▶ **EXERCISE REQUIREMENTS**
From the data below, repeat exactly the lines from the line with "Новый BYD Xia" to the line with "Foto News Pollino 2024", both included.

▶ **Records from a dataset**
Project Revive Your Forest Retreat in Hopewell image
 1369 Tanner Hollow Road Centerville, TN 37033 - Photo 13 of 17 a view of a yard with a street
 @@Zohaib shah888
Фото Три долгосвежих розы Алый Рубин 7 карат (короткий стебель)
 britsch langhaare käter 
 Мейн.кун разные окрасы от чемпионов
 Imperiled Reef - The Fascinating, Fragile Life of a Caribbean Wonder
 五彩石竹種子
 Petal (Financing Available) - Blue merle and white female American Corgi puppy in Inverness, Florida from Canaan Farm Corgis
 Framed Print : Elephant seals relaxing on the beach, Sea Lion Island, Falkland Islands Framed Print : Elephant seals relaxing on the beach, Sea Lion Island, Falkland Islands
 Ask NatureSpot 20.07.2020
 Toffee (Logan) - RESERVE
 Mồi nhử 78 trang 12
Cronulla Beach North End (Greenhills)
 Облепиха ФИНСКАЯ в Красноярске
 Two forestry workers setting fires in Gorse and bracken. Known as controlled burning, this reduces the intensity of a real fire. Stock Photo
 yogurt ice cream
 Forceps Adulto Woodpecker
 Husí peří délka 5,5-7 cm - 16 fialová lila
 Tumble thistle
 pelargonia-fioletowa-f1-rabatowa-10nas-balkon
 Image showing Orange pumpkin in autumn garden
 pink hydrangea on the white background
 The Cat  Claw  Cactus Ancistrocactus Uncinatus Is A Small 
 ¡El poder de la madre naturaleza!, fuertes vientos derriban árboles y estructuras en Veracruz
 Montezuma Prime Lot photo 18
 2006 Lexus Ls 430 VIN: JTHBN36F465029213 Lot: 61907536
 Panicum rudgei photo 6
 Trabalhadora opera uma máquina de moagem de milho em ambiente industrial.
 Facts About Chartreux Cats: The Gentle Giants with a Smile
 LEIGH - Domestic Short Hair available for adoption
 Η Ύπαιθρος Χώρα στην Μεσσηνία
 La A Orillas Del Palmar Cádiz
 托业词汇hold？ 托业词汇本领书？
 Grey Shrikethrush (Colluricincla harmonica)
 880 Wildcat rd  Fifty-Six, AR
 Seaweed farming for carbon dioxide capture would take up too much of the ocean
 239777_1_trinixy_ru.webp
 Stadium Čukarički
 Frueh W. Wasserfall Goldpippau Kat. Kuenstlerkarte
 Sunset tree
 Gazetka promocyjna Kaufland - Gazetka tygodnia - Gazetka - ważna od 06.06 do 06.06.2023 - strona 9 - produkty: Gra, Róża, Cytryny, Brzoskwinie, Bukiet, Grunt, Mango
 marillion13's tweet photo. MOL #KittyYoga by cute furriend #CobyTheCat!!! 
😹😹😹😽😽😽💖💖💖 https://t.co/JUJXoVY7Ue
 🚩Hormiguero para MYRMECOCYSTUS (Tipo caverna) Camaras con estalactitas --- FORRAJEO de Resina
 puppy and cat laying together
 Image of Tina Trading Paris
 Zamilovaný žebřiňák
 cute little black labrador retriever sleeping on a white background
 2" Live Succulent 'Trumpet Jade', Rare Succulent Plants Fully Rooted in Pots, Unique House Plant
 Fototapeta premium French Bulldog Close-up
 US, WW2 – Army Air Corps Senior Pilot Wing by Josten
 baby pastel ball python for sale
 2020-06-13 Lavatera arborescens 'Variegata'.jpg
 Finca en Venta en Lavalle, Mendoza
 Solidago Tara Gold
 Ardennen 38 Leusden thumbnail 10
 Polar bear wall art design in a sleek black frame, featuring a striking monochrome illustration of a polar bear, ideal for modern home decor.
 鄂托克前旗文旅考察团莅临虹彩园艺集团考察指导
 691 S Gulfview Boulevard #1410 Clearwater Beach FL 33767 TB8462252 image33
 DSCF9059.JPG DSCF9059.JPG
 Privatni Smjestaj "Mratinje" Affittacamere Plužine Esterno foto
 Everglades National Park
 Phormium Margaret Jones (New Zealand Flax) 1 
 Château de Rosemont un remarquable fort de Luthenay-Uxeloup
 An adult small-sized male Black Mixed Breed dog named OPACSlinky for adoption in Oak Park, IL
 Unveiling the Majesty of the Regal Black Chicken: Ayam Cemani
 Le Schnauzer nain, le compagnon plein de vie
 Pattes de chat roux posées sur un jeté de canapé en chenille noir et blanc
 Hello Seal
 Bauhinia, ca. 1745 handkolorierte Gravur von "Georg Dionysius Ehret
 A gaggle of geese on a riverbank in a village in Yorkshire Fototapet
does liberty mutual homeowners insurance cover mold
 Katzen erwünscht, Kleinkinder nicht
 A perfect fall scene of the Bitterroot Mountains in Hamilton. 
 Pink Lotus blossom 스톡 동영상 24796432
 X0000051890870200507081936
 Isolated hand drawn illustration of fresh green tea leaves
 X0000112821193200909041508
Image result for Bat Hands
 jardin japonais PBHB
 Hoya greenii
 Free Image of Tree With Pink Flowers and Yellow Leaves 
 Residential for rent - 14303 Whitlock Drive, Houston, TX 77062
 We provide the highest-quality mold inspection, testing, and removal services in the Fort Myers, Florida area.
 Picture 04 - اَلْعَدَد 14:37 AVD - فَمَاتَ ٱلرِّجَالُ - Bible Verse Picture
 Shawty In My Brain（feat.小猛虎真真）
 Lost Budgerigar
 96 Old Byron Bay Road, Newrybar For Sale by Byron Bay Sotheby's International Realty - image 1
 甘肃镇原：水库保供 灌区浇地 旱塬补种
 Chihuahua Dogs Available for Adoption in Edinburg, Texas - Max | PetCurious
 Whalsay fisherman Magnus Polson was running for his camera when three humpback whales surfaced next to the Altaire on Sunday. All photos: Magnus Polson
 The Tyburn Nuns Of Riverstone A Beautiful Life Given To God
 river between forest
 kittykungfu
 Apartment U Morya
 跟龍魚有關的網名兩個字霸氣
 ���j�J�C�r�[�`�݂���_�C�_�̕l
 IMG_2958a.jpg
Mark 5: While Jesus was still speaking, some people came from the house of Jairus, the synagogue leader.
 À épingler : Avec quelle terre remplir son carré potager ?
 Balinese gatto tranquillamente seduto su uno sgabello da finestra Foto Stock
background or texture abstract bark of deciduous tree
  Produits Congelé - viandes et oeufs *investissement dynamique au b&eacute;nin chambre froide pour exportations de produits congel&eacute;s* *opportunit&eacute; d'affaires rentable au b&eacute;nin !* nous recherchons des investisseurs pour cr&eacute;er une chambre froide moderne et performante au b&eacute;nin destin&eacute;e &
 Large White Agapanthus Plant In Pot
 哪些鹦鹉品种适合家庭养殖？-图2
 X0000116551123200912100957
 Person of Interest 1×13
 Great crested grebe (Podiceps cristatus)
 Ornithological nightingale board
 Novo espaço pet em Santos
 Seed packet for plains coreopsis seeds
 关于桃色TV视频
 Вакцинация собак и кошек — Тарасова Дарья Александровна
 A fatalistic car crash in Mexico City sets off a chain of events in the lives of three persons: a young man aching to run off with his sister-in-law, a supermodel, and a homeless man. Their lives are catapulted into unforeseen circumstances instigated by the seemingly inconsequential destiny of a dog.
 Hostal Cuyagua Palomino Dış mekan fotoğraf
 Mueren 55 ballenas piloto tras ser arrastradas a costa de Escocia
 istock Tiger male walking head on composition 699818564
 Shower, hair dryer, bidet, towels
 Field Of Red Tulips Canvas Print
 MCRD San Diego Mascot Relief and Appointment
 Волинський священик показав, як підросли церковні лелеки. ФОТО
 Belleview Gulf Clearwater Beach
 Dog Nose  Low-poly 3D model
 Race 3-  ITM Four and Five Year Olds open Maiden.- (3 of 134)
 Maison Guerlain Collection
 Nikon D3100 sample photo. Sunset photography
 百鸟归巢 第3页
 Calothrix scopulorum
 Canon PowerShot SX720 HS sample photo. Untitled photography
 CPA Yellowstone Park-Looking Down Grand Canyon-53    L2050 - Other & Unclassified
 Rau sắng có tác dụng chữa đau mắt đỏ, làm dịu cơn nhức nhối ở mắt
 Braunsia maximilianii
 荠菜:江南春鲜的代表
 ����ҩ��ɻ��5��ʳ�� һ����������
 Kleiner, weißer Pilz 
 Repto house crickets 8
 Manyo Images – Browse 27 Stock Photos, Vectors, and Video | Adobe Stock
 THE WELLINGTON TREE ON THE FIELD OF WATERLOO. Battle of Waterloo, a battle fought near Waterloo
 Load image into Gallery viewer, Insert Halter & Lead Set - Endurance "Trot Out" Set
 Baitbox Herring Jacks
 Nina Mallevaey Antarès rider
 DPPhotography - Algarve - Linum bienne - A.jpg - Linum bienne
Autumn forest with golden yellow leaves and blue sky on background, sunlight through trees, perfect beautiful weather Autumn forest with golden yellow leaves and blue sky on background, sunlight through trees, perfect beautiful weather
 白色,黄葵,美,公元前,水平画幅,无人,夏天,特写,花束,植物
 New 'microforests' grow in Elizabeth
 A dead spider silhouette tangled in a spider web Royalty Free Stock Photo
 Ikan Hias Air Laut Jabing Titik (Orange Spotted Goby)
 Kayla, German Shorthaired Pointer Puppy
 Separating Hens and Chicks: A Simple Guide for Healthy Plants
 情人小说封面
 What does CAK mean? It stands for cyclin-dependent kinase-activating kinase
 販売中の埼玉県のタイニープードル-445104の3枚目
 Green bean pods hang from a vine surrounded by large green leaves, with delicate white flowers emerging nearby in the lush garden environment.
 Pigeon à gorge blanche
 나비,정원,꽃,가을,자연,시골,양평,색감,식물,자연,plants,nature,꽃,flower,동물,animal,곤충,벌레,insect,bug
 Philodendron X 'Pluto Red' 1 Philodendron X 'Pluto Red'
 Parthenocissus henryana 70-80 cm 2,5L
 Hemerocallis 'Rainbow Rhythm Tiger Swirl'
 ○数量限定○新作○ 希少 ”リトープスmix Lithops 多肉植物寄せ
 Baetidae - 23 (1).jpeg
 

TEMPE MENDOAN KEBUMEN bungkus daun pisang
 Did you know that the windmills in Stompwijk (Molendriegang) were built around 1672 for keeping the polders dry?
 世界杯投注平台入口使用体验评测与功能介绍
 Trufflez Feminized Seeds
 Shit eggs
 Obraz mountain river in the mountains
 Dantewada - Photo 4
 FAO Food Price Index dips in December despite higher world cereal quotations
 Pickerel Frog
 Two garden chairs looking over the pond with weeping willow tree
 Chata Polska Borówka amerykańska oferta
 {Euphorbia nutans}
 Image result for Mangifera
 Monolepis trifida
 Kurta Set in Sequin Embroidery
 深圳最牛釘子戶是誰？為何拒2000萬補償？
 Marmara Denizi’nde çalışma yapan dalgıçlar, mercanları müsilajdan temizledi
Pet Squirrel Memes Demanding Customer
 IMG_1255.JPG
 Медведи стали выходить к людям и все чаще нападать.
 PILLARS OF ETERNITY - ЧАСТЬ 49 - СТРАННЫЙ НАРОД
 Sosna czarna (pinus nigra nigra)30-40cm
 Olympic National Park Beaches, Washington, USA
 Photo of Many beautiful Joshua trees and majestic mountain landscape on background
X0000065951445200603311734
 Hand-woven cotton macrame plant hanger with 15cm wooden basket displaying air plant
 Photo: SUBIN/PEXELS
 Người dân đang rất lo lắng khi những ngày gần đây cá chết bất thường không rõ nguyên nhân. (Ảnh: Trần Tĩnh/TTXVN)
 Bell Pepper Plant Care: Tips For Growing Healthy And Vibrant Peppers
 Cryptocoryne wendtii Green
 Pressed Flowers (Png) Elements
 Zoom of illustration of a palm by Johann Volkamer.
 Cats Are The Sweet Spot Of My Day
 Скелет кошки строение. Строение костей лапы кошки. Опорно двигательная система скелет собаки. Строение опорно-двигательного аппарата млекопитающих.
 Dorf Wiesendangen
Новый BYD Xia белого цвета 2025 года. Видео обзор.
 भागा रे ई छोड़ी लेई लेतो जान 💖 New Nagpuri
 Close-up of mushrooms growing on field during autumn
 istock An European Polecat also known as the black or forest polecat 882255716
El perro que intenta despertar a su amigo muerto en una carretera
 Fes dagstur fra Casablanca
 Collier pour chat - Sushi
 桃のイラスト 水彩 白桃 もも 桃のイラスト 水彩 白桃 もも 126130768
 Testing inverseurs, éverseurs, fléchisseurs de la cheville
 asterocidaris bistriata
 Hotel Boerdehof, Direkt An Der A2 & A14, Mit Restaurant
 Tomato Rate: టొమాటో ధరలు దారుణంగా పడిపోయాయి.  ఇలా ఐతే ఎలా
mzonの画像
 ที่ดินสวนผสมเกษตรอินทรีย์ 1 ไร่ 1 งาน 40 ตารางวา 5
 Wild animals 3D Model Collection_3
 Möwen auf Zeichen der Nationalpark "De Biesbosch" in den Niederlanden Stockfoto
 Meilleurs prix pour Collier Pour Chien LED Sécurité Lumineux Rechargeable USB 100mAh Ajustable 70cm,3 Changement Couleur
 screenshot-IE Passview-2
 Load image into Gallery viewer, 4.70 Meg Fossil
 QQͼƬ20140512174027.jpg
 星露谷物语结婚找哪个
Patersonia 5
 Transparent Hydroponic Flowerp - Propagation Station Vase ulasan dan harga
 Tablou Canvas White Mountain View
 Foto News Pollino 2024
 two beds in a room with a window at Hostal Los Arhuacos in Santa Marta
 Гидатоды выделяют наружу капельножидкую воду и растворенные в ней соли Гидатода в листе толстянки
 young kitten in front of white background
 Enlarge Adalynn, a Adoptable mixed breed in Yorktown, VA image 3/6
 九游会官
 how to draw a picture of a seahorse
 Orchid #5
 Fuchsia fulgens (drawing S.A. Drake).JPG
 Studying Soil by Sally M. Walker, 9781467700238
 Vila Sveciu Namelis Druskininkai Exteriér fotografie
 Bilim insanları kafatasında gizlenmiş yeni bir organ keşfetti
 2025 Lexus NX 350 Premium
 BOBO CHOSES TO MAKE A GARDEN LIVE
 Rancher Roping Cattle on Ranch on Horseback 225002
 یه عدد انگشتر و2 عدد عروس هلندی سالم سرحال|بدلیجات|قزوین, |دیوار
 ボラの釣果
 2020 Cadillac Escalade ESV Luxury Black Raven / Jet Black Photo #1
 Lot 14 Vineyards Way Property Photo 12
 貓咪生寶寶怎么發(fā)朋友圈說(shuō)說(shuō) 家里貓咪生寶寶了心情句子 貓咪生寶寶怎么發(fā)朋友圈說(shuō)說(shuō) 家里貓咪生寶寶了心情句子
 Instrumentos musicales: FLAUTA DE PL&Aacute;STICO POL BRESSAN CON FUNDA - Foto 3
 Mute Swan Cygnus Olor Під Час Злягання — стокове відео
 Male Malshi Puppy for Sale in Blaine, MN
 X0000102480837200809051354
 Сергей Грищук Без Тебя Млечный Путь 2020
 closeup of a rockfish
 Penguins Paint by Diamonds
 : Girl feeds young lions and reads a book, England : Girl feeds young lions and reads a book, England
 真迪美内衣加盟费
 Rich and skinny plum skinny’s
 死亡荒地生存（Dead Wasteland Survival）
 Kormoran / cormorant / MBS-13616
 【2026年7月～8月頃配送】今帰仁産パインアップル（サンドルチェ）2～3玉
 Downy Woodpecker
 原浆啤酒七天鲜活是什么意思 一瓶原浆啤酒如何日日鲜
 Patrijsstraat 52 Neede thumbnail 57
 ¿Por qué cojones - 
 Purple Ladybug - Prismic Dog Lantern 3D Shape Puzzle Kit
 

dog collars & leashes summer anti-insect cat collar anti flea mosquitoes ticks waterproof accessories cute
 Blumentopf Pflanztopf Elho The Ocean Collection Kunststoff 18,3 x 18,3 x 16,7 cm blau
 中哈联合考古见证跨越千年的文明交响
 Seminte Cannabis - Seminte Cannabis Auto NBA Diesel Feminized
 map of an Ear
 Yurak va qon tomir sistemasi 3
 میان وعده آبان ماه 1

▶ **RESULT OF THIS EXERCISE**
Новый BYD Xia белого цвета 2025 года. Видео обзор.
 भागा रे ई छोड़ी लेई लेतो जान 💖 New Nagpuri
 Close-up of mushrooms growing on field during autumn
 istock An European Polecat also known as the black or forest polecat 882255716
El perro que intenta despertar a su amigo muerto en una carretera
 Fes dagstur fra Casablanca
 Collier pour chat - Sushi
 桃のイラスト 水彩 白桃 もも 桃のイラスト 水彩 白桃 もも 126130768
 Testing inverseurs, éverseurs, fléchisseurs de la cheville
 asterocidaris bistriata
 Hotel Boerdehof, Direkt An Der A2 & A14, Mit Restaurant
 Tomato Rate: టొమాటో ధరలు దారుణంగా పడిపోయాయి.  ఇలా ఐతే ఎలా
mzonの画像
 ที่ดินสวนผสมเกษตรอินทรีย์ 1 ไร่ 1 งาน 40 ตารางวา 5
 Wild animals 3D Model Collection_3
 Möwen auf Zeichen der Nationalpark "De Biesbosch" in den Niederlanden Stockfoto
 Meilleurs prix pour Collier Pour Chien LED Sécurité Lumineux Rechargeable USB 100mAh Ajustable 70cm,3 Changement Couleur
 screenshot-IE Passview-2
 Load image into Gallery viewer, 4.70 Meg Fossil
 QQͼƬ20140512174027.jpg
 星露谷物语结婚找哪个
Patersonia 5
 Transparent Hydroponic Flowerp - Propagation Station Vase ulasan dan harga
 Tablou Canvas White Mountain View
 Foto News Pollino 2024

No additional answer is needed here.